Now it's time to have that Sunday Feeling on the eve of my department retreat, anxiously considering what tomorrow will hold, and all of the work that I must do between now and the start of the semester. Real posts will follow once I've recovered from my travels :)

Thursday, August 13, 2009

And.... She's Off!

Well, blog readers, I am off this morning for a long weekend in the great state of North Carolina, where I will have a long overdue visit with FL, my high school boyfriend whom I realize I met 20 years ago this past June, which means we are, indeed, old, and where I will celebrate my 35th birthday. Upon my return, the kickoff to the school year awaits, with lots of Hot Topics to discuss at the first meeting of my department, and really, the school year gets underway. I'm not ready, for the semester to start, but I think it's grand I'm taking off on vacation anyway.

Monday, August 10, 2009

A Thing about Students and Gender

My friendship with BES has made me privy to all sorts of intrigues and details that I never would have known had we not become friends. Nothing untoward or that I shouldn't know about current students of mine, but interesting stuff nonetheless. I thought of this particular one as I read the comment thread to Historiann's current post, though it's totally a tangent and not actually related to what Historiann was writing about or what her readers commented. See, when BES and I were hanging out a while back, she noted that she'd taken a class in which she absolutely hated one of her classmates. As we were talking about it, I realized that I thought I knew who she was talking about. So I asked her, and she confirmed it: the Hated Classmate was my student, much in the way that BES became my student. (He was about a year ahead of her, so they never had a class with me together.) When it became clear that my Favorite Student from the Time before BES was the nemesis of BES, I was surprised. I'd always thought that the students who entered into the Circle of Crazy's Influence would just naturally get along. I mean, they are the best and the brightest and the coolest, after all - how could they not?

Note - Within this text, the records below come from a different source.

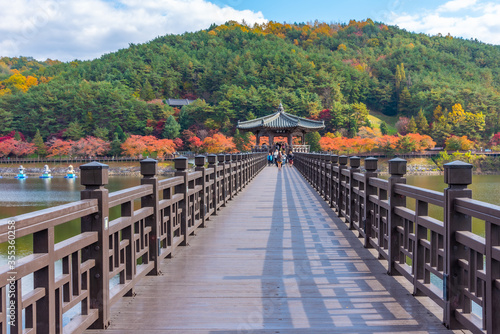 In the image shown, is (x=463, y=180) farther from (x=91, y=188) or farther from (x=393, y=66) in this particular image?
(x=393, y=66)

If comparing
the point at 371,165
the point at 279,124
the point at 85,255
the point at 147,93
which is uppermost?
the point at 147,93

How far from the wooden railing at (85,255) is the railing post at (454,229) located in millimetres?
1986

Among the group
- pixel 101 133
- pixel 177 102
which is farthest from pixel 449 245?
pixel 177 102

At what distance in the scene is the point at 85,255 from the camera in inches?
102

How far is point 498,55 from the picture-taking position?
107 metres

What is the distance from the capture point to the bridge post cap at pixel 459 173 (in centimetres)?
253

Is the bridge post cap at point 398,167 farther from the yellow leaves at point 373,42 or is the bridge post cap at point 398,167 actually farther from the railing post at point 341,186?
the yellow leaves at point 373,42

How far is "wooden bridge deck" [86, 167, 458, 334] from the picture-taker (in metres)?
2.79

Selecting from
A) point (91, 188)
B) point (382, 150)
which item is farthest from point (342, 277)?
point (382, 150)

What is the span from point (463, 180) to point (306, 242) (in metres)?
3.10

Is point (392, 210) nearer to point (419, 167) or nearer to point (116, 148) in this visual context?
point (419, 167)

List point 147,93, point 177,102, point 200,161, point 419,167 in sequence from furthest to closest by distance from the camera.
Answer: point 147,93 → point 177,102 → point 419,167 → point 200,161

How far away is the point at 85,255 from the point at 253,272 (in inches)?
72.1

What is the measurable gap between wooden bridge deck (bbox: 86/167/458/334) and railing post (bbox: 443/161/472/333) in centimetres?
25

But what became apparent to me from BES's narrative was that this is not the case. And actually, some other intel that I gathered from her about another student confirmed that it's not the case. See, while it's true that students who are my students do often bond in response to their experiences with me, it's also true that they often end up in hyper-competitive relationships with one another, particularly when the students involved are divided by gender. In other words, my female student superstars tend to collect themselves into supportive and productive collectives, in which they like one another, read each others' drafts, and generally gain a lot through their interaction. When my male student superstars enter the mix, apparently it doesn't work in the same way. They either pester my female students with untoward advances (or wax poetic about crushes on me - as IF!) or they compete with the female students and deride them, acting as if the female students aren't really their equals. As you might imagine, this pisses my female students off. And rightly so, I might add.

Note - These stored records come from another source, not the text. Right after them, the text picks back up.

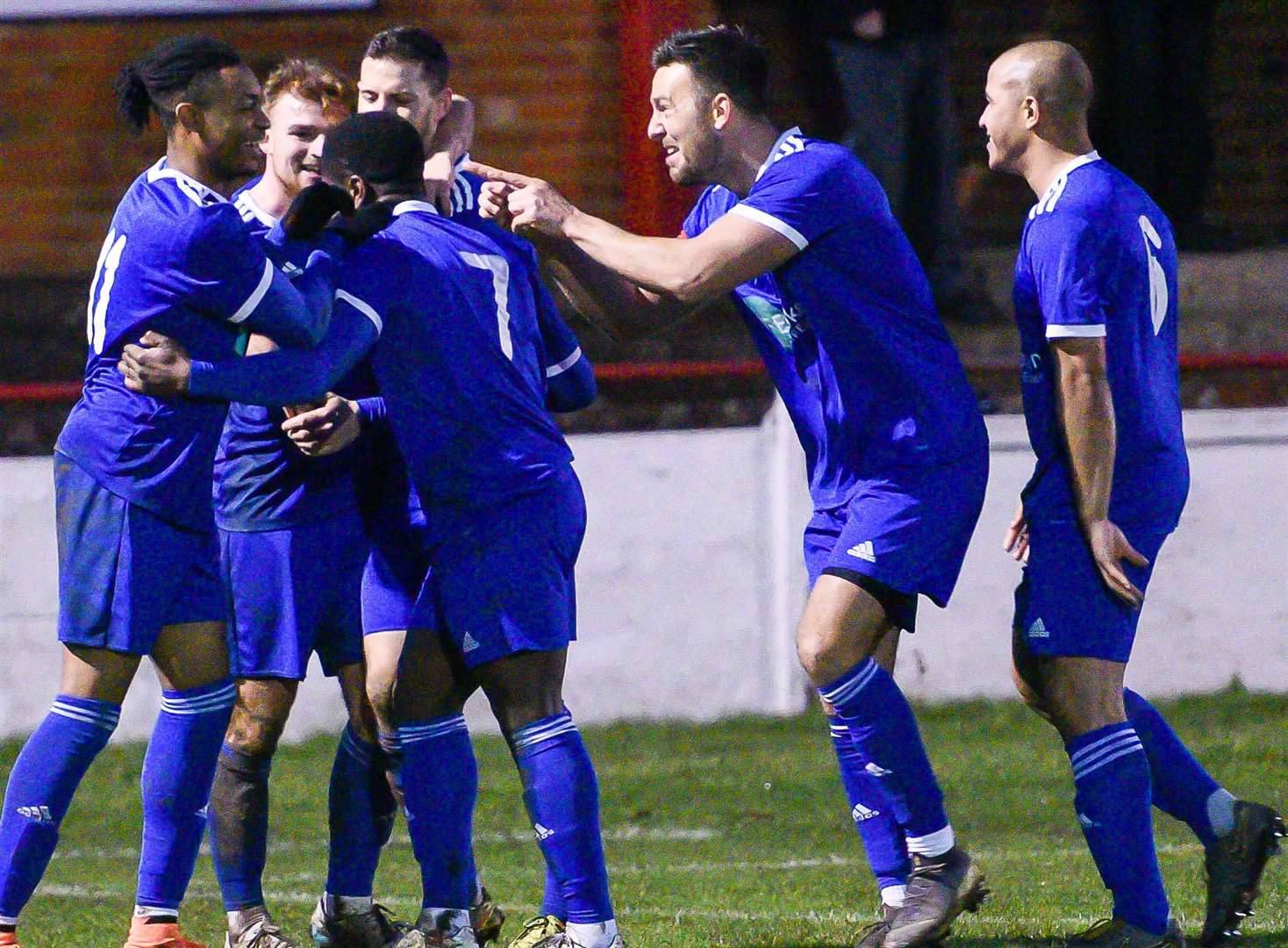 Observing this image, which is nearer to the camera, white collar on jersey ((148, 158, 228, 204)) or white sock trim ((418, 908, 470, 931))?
white collar on jersey ((148, 158, 228, 204))

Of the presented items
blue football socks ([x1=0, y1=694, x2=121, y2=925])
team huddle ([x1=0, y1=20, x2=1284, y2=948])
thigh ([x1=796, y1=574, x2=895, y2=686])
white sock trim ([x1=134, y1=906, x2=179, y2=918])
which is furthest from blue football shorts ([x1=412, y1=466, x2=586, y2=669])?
white sock trim ([x1=134, y1=906, x2=179, y2=918])

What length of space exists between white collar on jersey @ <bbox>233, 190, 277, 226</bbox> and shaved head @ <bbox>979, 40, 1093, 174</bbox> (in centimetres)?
176

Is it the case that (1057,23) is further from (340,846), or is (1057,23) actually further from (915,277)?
(340,846)

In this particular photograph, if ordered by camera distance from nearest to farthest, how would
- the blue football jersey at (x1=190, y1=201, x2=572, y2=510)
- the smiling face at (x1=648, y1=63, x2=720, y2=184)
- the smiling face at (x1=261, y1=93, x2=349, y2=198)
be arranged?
the blue football jersey at (x1=190, y1=201, x2=572, y2=510), the smiling face at (x1=648, y1=63, x2=720, y2=184), the smiling face at (x1=261, y1=93, x2=349, y2=198)

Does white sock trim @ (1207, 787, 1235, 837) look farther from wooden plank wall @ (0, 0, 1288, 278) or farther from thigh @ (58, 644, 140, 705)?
wooden plank wall @ (0, 0, 1288, 278)

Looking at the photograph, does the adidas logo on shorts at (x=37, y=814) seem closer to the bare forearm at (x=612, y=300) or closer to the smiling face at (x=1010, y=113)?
the bare forearm at (x=612, y=300)

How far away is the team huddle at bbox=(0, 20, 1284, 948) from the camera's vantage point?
425 centimetres

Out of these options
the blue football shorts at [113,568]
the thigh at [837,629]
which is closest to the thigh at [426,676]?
the blue football shorts at [113,568]

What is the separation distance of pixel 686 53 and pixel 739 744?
13.4 feet

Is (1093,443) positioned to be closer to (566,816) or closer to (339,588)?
(566,816)

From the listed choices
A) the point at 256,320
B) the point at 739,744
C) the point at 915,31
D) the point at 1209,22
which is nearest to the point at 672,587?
the point at 739,744

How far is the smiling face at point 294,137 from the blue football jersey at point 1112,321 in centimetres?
176

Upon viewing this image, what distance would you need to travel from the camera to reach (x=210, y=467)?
4457mm

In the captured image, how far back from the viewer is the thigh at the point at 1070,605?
4430 millimetres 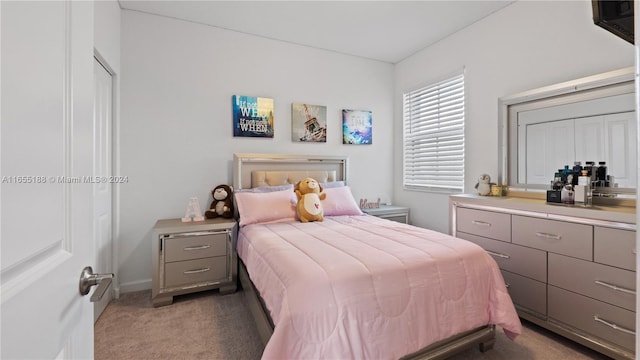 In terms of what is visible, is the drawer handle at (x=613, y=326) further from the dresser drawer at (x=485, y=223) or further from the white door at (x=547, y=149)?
the white door at (x=547, y=149)

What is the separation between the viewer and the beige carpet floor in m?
1.81

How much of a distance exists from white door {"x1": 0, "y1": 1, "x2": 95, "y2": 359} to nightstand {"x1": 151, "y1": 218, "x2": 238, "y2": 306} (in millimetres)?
1940

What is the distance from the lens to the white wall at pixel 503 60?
215cm

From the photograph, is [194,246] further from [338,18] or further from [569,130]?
[569,130]

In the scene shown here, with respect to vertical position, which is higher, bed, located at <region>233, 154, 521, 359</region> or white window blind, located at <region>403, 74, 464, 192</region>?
white window blind, located at <region>403, 74, 464, 192</region>

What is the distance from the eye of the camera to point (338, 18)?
2.91 m

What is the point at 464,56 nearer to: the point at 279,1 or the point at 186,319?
the point at 279,1

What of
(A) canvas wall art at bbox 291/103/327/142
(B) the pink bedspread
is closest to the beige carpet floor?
(B) the pink bedspread

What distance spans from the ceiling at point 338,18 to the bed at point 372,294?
6.83 feet

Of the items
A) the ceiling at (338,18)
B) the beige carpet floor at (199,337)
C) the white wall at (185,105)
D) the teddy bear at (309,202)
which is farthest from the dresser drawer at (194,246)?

I wonder at the fact that I didn't recognize this dynamic on my own - that I needed to hear it from BES before I saw it. To some extent, I believe that my cluelessness comes from my own socialization through graduate school. When I was an undergraduate, I think I responded in much the way my female undergraduates now respond to this shit. In very real ways, I became inured in graduate school to the whole cock-blocking, pissing contest dynamic of my interactions with my male peers, and I came to the point where I decided that I'd rather find a way to engage with those cock-blocking, pissing contest dudes, because they were wicked smart, than to hate them for their lame ways. I think this may be why I don't see it when my male students do the same stuff - I see it as par for the course with teh boyz, now, because I'm jaded and cynical. The problem is, my female students haven't gone through the gauntlet that I went through in grad school. They don't see it as dumb boy behavior: they see it as hostile and awful and sexist. (And, seriously, it is hostile and awful and sexist. I just found a way to deal with it, because I had to or I would have collapsed under the weight of trying to reject it.)

The problem is, I don't actively instruct my female students in what this bullshit is. Instead, I just meander along, assuming that because I can see through it - tracing it to the intellectual insecurity and to the socialization into modern masculinity - that my female students see it, too. And further, I don't instruct my male students about how this way of being is totally fucked up and also unnecessary and unproductive. I go along assuming that all of my students, male and female, "get it," which they totally do not.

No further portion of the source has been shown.